• [PROBLEM TO WORK ON] Your copy should repeat each record exactly and contain none of the pictures.

[Collection entries]
-.-.-

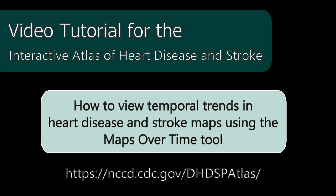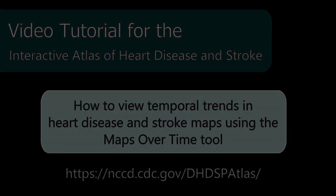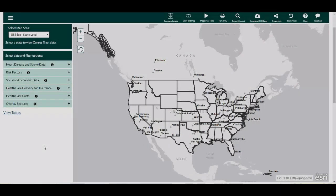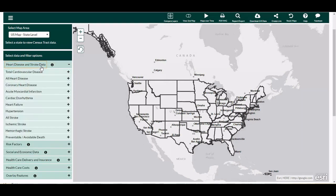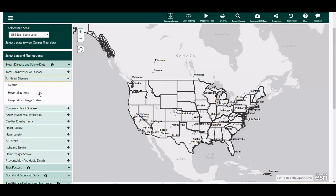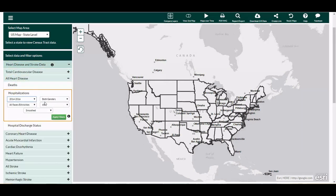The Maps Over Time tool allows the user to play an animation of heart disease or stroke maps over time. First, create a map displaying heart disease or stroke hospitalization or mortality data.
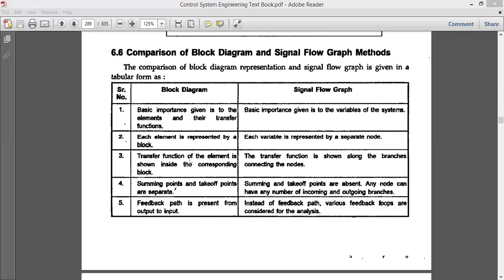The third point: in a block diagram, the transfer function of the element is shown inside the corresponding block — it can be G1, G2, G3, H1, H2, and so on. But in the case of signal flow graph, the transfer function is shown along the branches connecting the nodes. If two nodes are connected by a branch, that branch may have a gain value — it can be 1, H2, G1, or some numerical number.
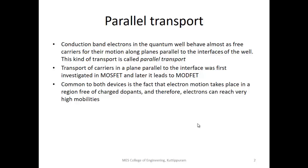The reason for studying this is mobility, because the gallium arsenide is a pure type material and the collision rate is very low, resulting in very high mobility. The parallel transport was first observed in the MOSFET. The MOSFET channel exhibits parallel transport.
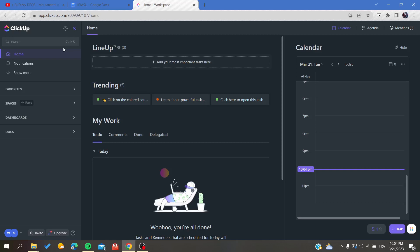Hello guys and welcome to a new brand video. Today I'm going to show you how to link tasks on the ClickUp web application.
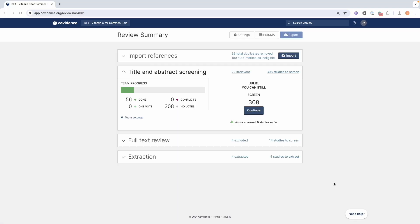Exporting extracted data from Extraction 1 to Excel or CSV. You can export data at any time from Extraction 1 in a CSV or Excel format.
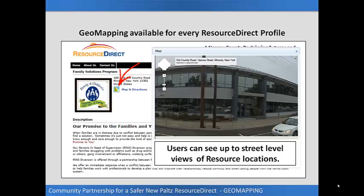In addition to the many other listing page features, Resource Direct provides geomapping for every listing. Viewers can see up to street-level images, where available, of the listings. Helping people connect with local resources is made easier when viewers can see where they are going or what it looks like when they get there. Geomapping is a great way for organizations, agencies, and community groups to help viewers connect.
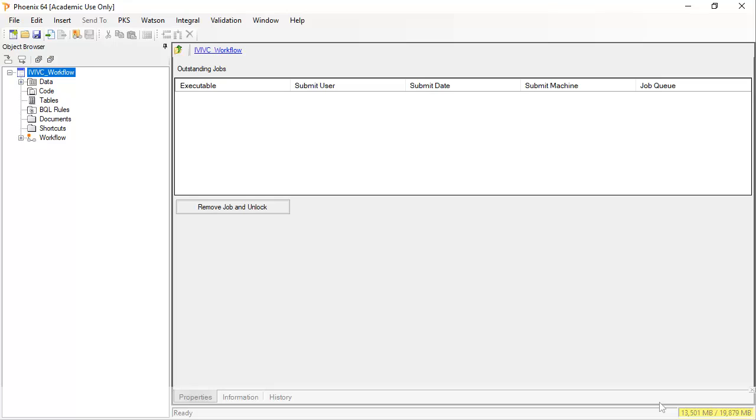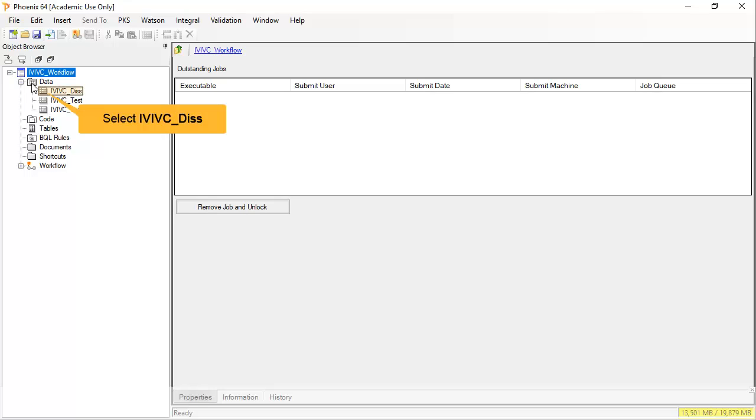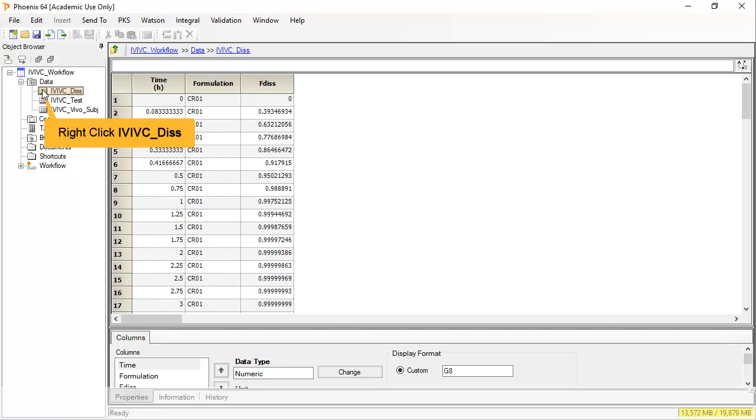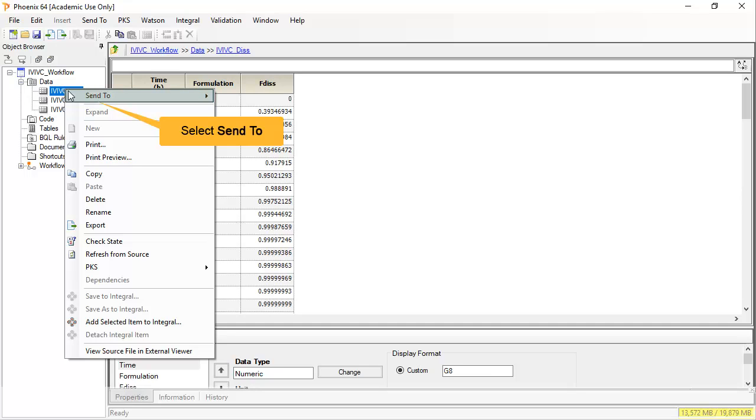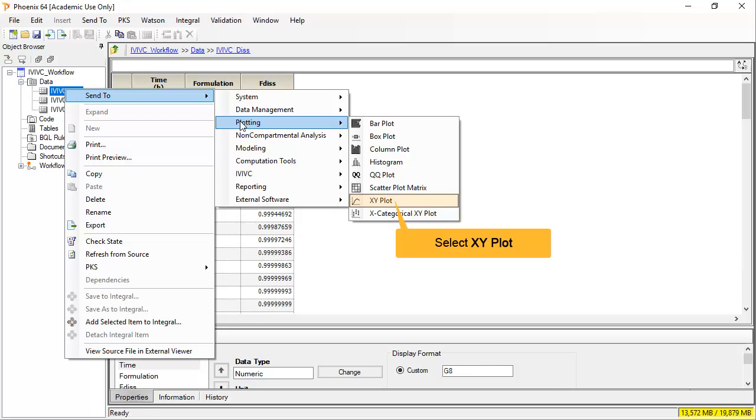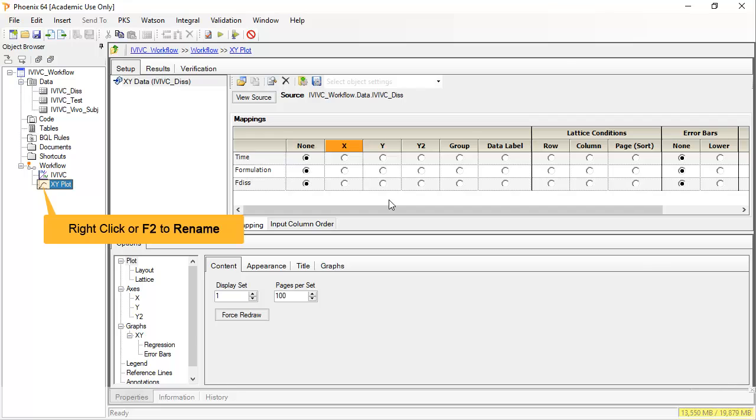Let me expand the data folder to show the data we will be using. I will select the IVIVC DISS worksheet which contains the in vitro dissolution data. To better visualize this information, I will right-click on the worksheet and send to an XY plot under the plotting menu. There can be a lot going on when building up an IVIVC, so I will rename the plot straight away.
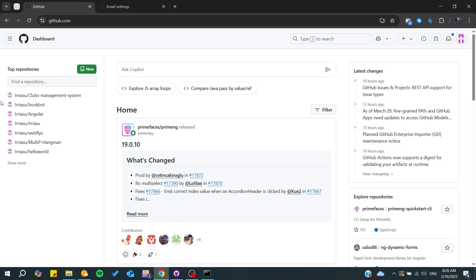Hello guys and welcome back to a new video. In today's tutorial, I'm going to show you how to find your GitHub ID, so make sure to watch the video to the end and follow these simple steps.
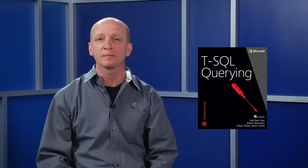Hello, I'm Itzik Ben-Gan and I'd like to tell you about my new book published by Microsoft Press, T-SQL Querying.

-.-.-

• [TASK RESULT]
The Maps Over Time tool allows the user to play an animation of heart disease or stroke maps over time. First, create a map displaying heart disease or stroke hospitalization or mortality data.
The third point: in a block diagram, the transfer function of the element is shown inside the corresponding block — it can be G1, G2, G3, H1, H2, and so on. But in the case of signal flow graph, the transfer function is shown along the branches connecting the nodes. If two nodes are connected by a branch, that branch may have a gain value — it can be 1, H2, G1, or some numerical number.
The reason for studying this is mobility, because the gallium arsenide is a pure type material and the collision rate is very low, resulting in very high mobility. The parallel transport was first observed in the MOSFET. The MOSFET channel exhibits parallel transport.
Hello guys and welcome to a new brand video. Today I'm going to show you how to link tasks on the ClickUp web application.
Exporting extracted data from Extraction 1 to Excel or CSV. You can export data at any time from Extraction 1 in a CSV or Excel format.
In addition to the many other listing page features, Resource Direct provides geomapping for every listing. Viewers can see up to street-level images, where available, of the listings. Helping people connect with local resources is made easier when viewers can see where they are going or what it looks like when they get there. Geomapping is a great way for organizations, agencies, and community groups to help viewers connect.
Let me expand the data folder to show the data we will be using. I will select the IVIVC DISS worksheet which contains the in vitro dissolution data. To better visualize this information, I will right-click on the worksheet and send to an XY plot under the plotting menu. There can be a lot going on when building up an IVIVC, so I will rename the plot straight away.
Hello guys and welcome back to a new video. In today's tutorial, I'm going to show you how to find your GitHub ID, so make sure to watch the video to the end and follow these simple steps.
Hello, I'm Itzik Ben-Gan and I'd like to tell you about my new book published by Microsoft Press, T-SQL Querying.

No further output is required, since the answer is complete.